I remember as a freshman in high school, one day walking down my neighborhood street to go to a friend’s house. A truck with older boys dressed like normal high school kids pulled up next to me as I was walking on the sidewalk. “Hey, are you that Zand kid that goes to Millard North?” one of the boys in the back of the truck said. “Yeah,” I responded. “Why don’t you go back to your fucking country towelhead!” he shouted at me. His friend threw his cup of soda towards me, I ducked, and the drink splattered behind me. As they laughed, the driver of the truck sped off with tires screeching. Shrugging it off, I continued to walk to my friend’s house.
This wasn’t just one isolated event either. There were many incidents that some sort of racial slur had been used against me or someone in my family. Now in my late 30’s, I haven’t had this happen overtly since college. But I was not so naive to think that racism or the xenophobia had stopped. It is likely now more covert as many of my peers are older with families themselves. Saying racial slurs as teenagers or young adults is now far more consequential. I am under the assumption that racism or xenophobia still occurs locally either in its overt or covert practice. It is, unfortunately, a part of life.
I also now live a very different life in a very different place–a highly ethnically diverse city. And please don’t get me wrong, where I grew up, I had many friends who were some of the nicest, accepting and open minded people I know. But I would not hesitate to tell you that growing up where I did, being a kid who is just a little different and has a name that is different– you are bound to experience some type of bigotry.
I guess now I should end off painting a rosy picture or give some words of hope that racism and xenophobia will soon end. Sorry, it will not. Racism will never go away, neither will xenophobia.
So how did I deal with these people who thought they were superior to me just because they had a one syllable English name or had families of European descent? I didn’t. I dealt with my self.
I focused on making my self both a better and smarter person. I focused a lot of my studying and knowledge gathering on becoming a well-rounded person so that one day I could be of some value to society. I read not only about the sciences, but also about politics, philosophy, economics, and psychology.

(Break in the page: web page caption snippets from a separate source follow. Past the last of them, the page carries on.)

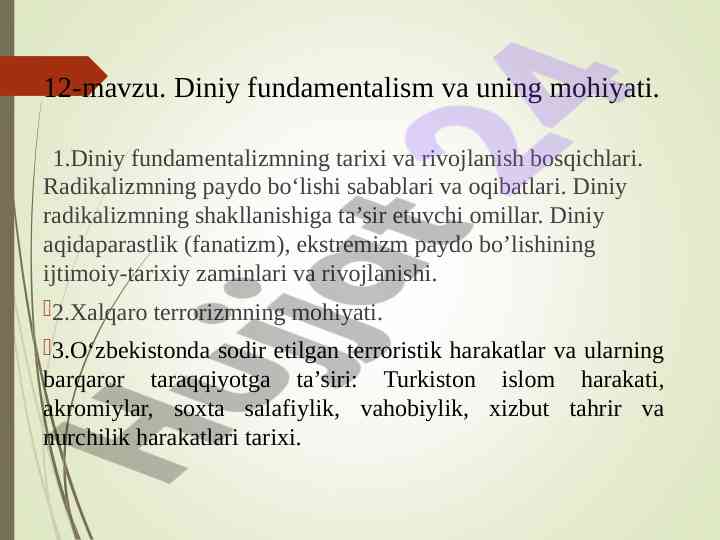 Diniy fundamentalizm va uning mohiyati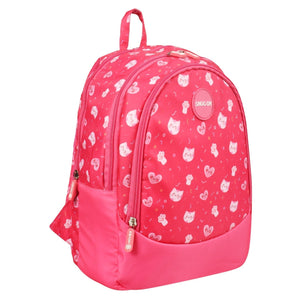 Novex Snug - On Kitty Printed Girl Kids School Bag for Nursery to 2nd Class - 15 Inch | Backpack for 5 - 8 Years Kids - SNBP0421 - KITTY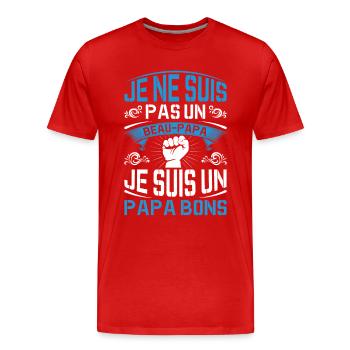 Je Suis Un Papa Bonus Fête Des Pères Anniversaire - T-shirt bio Premium Homme - rouge - Devant - Damien (186cm)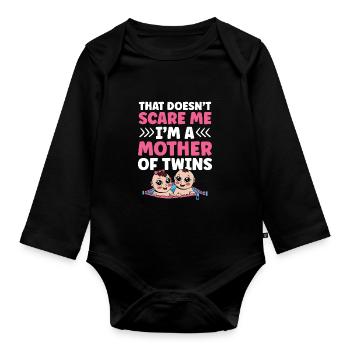 Ça ne me fait pas peur maman jumelles humour - Body Bébé bio manches longues - noir - Devant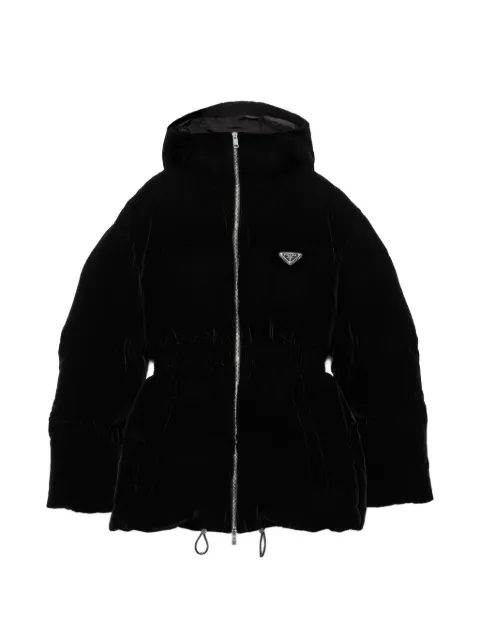 Prada velvet puffer jacket Black 292214SOOO178Y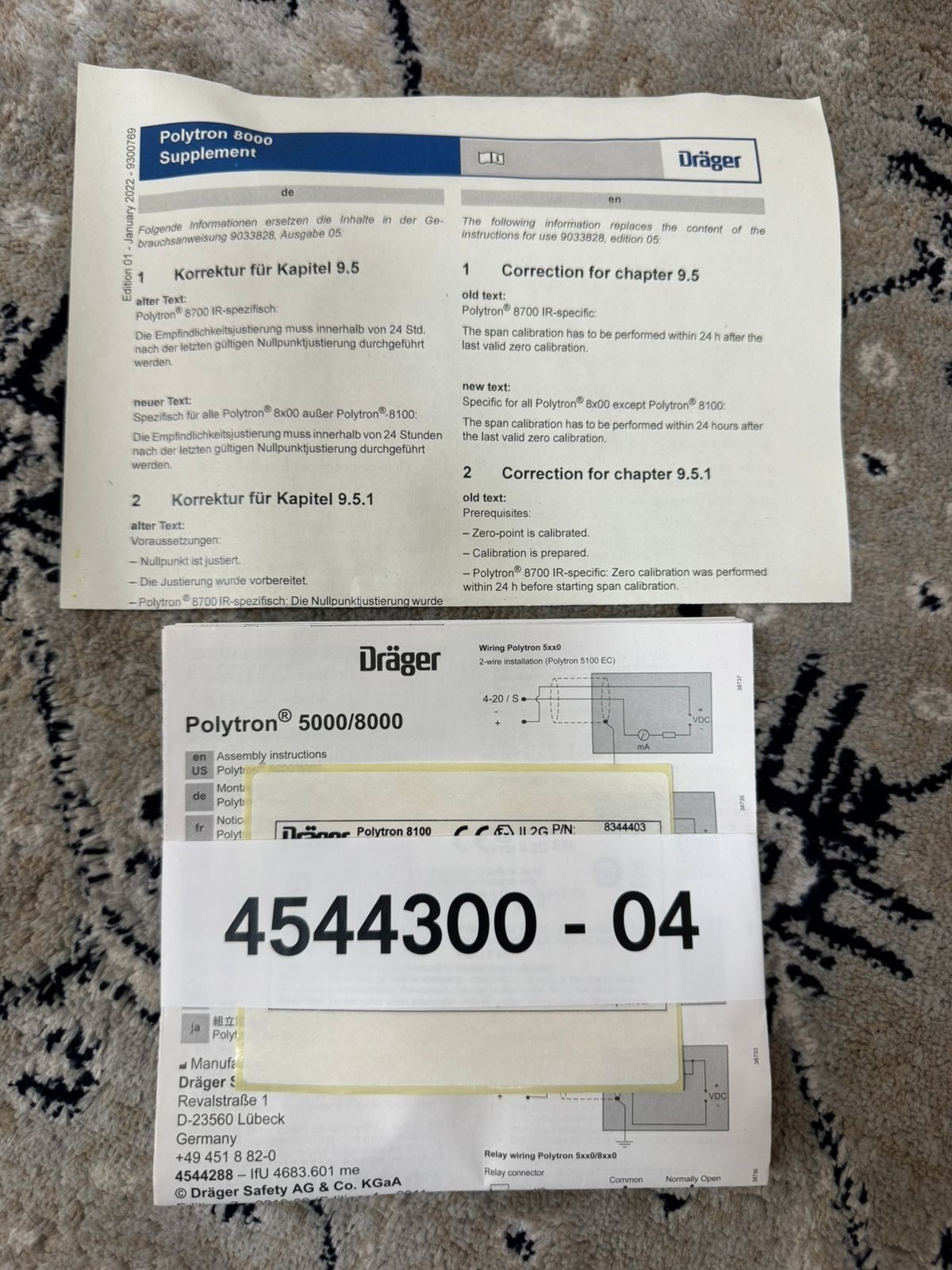 Drager / Gas Detector / Polytron 8100 / 8344403 / 6812675
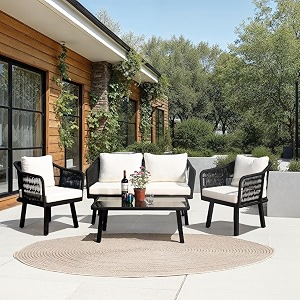 loccus 4-piece outdoor patio set  elegant rope sofa amp table with soft cushions for garden backyard porch balcony black amp off-white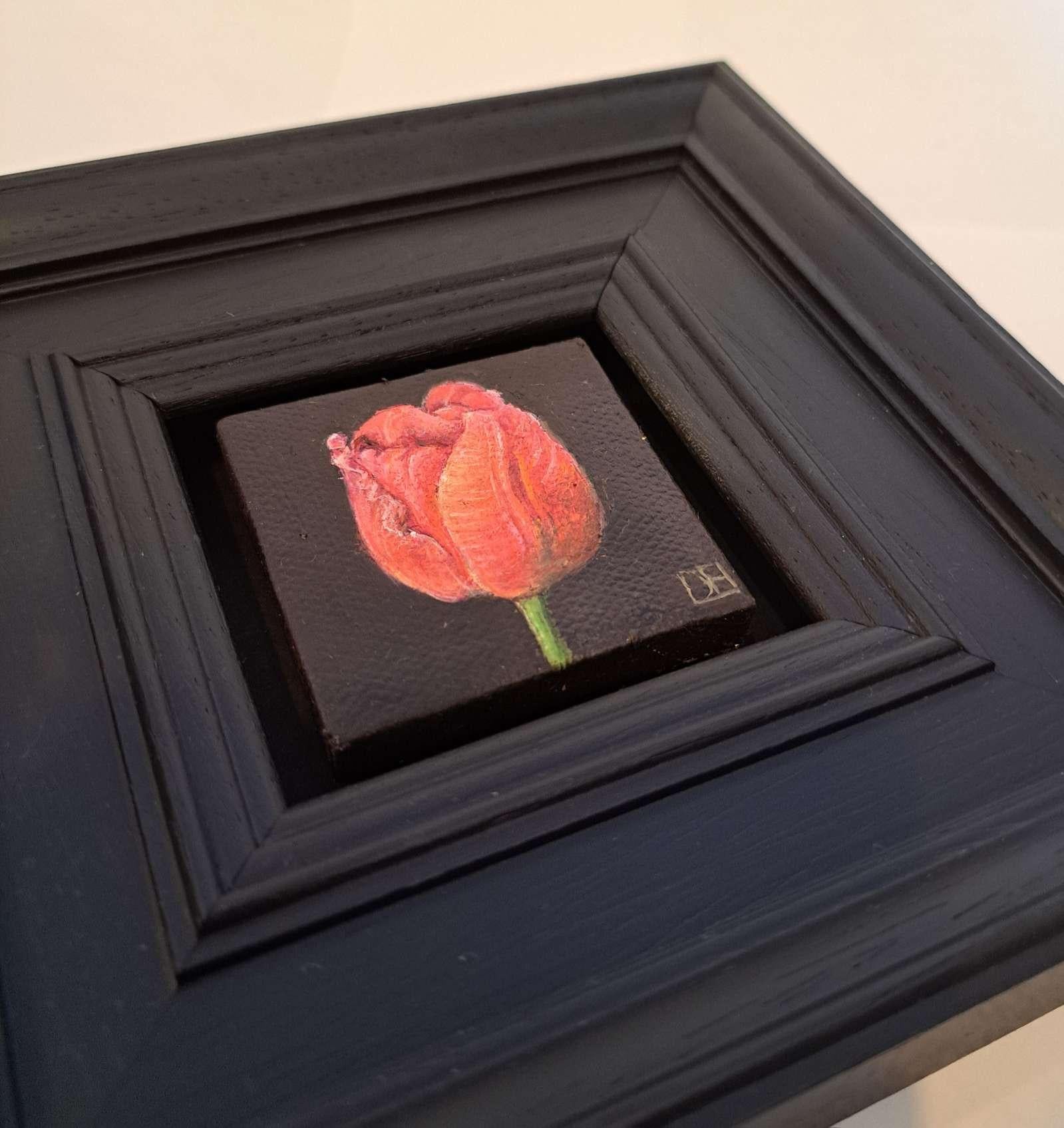 Pocket Veronique Tulip, Original Painting, Floral art, Nature, Red, Affordable For Sale 3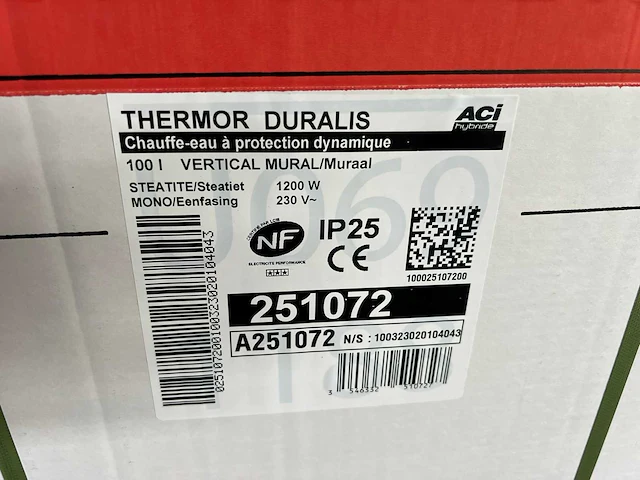 Thermor - duralis 100l vertical - elektrische boiler - afbeelding 2 van  2
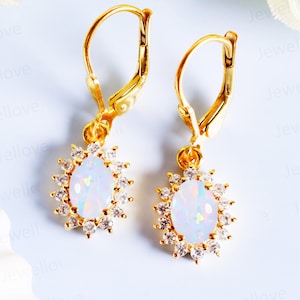 14K Gold Opal Leverback Earrings: Oval Halo, Bridal Gift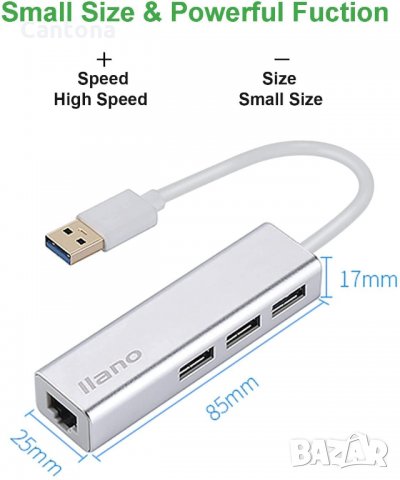 Nllano USB-A 3.0 към Ethernet 10/100/1000 RJ45 Ethernet LAN, 3 x USB 3.0 порта, снимка 2 - Други - 34749443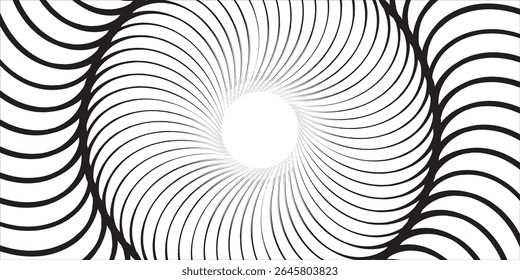 Black and White Abstract Rotating Pattern with a Spiral Design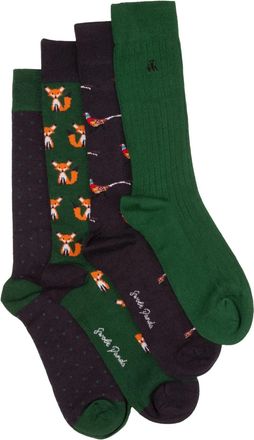 Swole Panda Fox & Pheasant Bamboo Sock Bundle - Four Pairs 4-7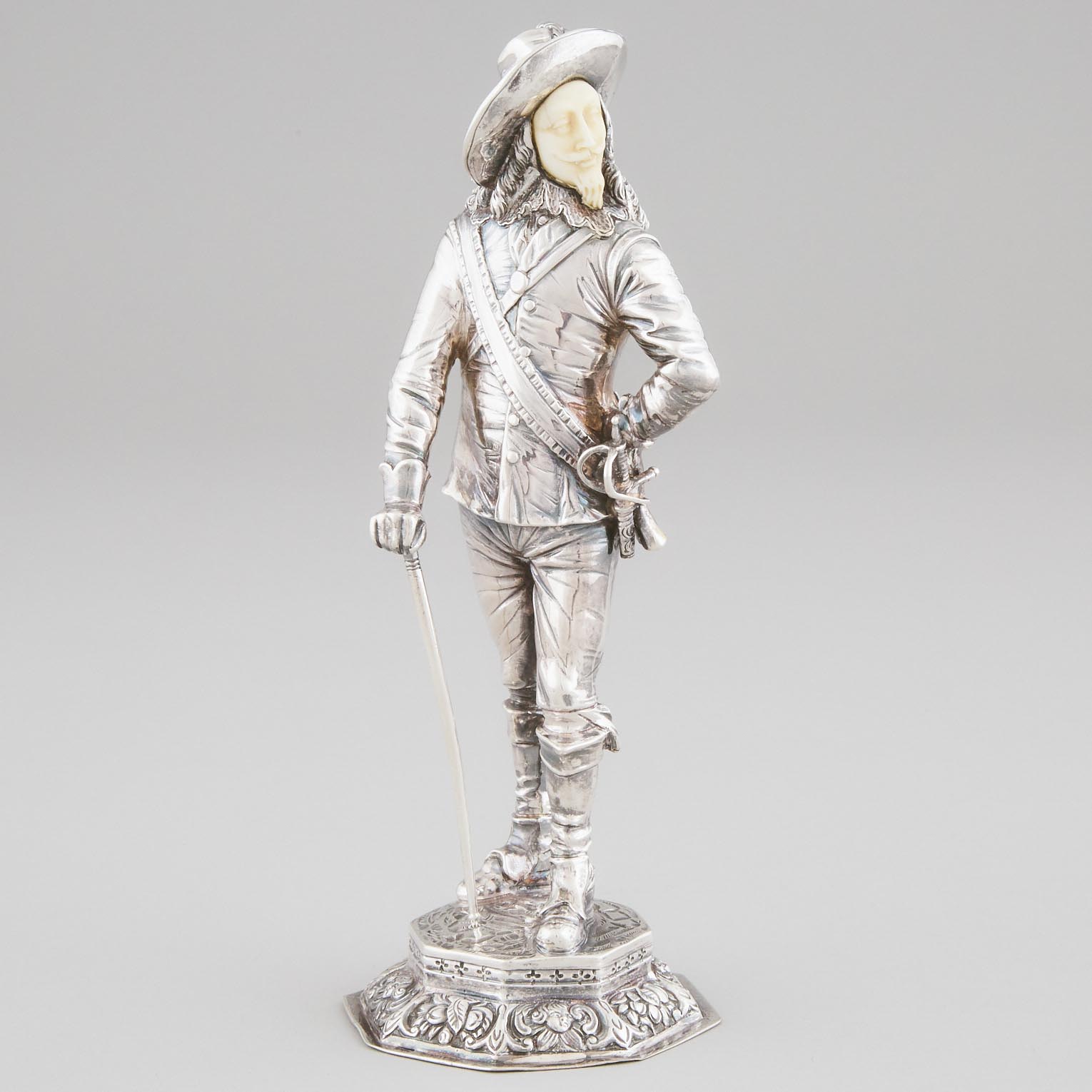 German Silver and Carved Ivory Figure of a Cavalier, Ludwig Neresheimer & Co., Hanau, c.1910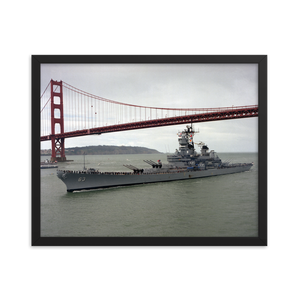 USS Missouri (BB-63) Framed Poster - Golden Gate – black, 16x20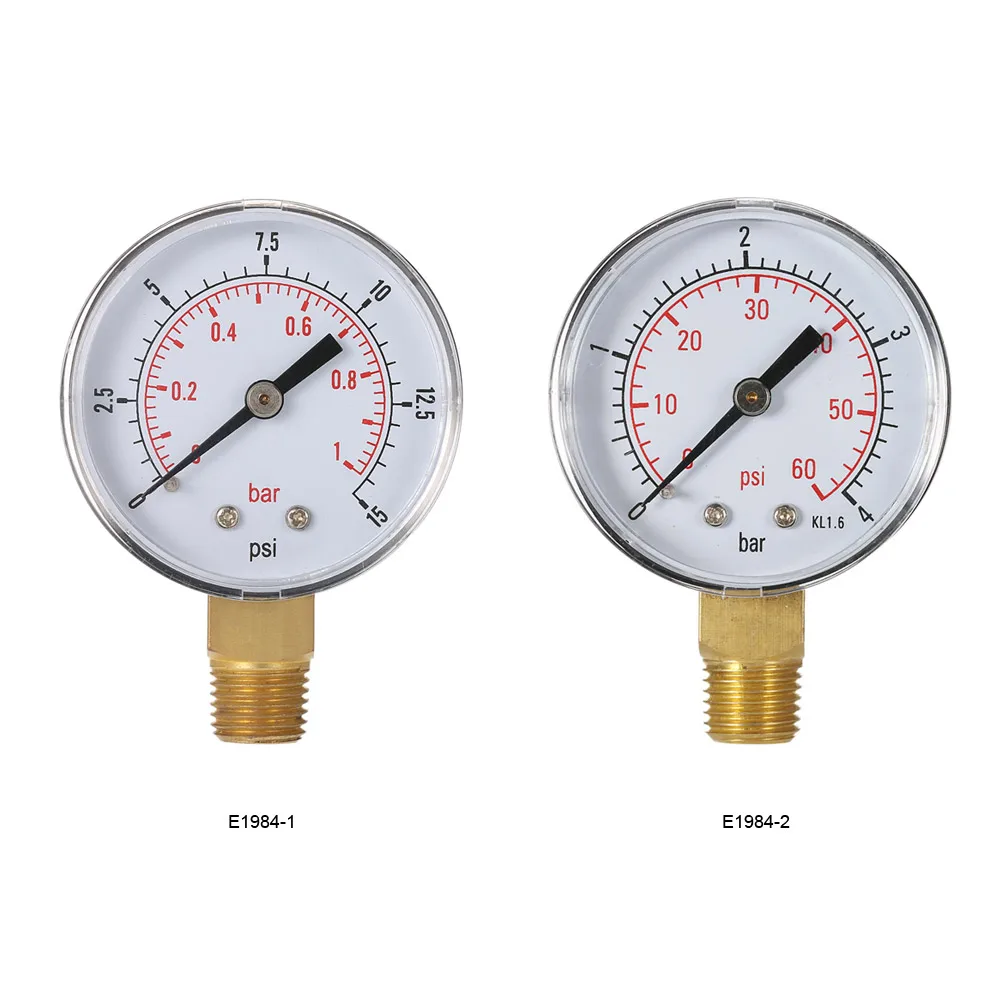 액체 충전식 압력계 50mm 수영장 필터 수압 유압 압력계 마노미터 1/4인치 NPT 나사산 미터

Racism and xenophobia have its roots in the majority that feels disenfranchised. So while they go out to march that their plight is the fault of minorities and immigrants–a tired old scapegoat that has been tried and failed– continue to keep learning and keep focused on making life for you and those around you better. In the end, those who take responsibility for their own actions, its outcomes and look to improve it will be the people more likely to provide our highest values in society. And this is a major antidote against racists and xenophobes.